As RD-STDP classifies information by integrating information with large τSTDP time constants, it can only classify based on spatial information. On the other hand, with smaller τSTDP values, and added capabilities to classify sequences, STDP-tempotron can classify based on spatio-temporal info.
In the sections that follow we describe the experiments that use the RD-STDP and STDP-tempotron described above.
5. Experiment: Design Space Exploration in SNN to Explore Temporal and Rate-Based STDP Regimes
Spike-timing dependent plasticity (STDP) is a learning rule commonly used in SNNs for unsupervised learning. For the SNN experiments, we choose spike-timing dependent plasticity (STDP) for the following reason. Generally in STDP, weight updates are based on the precise difference between pre and postsynaptic spike times. When the synaptic trace time constants are increased, STDP operates in a regime whereby weight changes can be approximated by sum of pre-synaptic and post-synaptic spikes. One can intuitively understand this by assuming delta synaptic trace on one extreme, and perfectly integrated synaptic trace on the other extreme. The former would be highly sensitive to spike timing (they must occur at same time for weight changes), while the later would have weight changes proportional to spike counts of the neurons. These different modes due to presynaptic time constant (τxpre) are illustrated in Figure 6. Hence STDP learning rule is highly suitable for our exploration, as it can operate in spike-time based as well as rate-based modes.

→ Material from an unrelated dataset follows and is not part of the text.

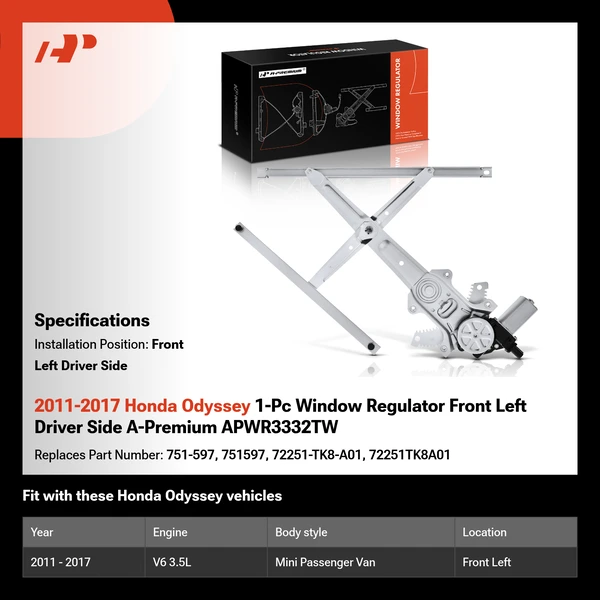 2011-2017 Honda Odyssey 1-Pc Window Regulator Front Left Driver Side A-Premium APWR3332TW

Figure 6. Two regimes of STDP operation: By varying the decay time constant of the presynaptic spike trace τxpre we get two regimes of STDP operation, (A) When τxpre is low, the presynaptic trace (xpre) decays quickly. The value xpre at the time of the postsynaptic spike (green dot) depends on the time difference between the pre- and post-synaptic spikes. In this regime, spikes that occurred much earlier than the postsynaptic spike time have no impact on learning. (B) When τxpre is high, xpre decays slowly. At the time of postsynaptic spike, xpre (green dot) depends on the number of spikes (i.e., spike-count rate) alone. Precise presynaptic spike times do not have much impact on learning.
If N-MNIST has better performance in the rate-based regime, then precise spike timing in N-MNIST dataset would seem unnecessary for classifying it, to the extent that the experiment findings can be generalized. We think they can be for the reasons stated below.
It is hard to compare performance of an SNN trained using backpropagation against one trained using STDP, given the difference in network topology and learning algorithms. However, there is one commonality across both, and that is the use of synaptic trace in their learning rules (Gutig and Sompolinsky, 2006; Lee et al., 2016; Zenke and Ganguli, 2018). By tuning the time constants of the synaptic trace, one effectively tune the sensitivity of the SNN toward spike-timing. Hence, from this aspect, our results can be further generalized to all other SNN based learning algorithms whose weight update contains the synaptic trace.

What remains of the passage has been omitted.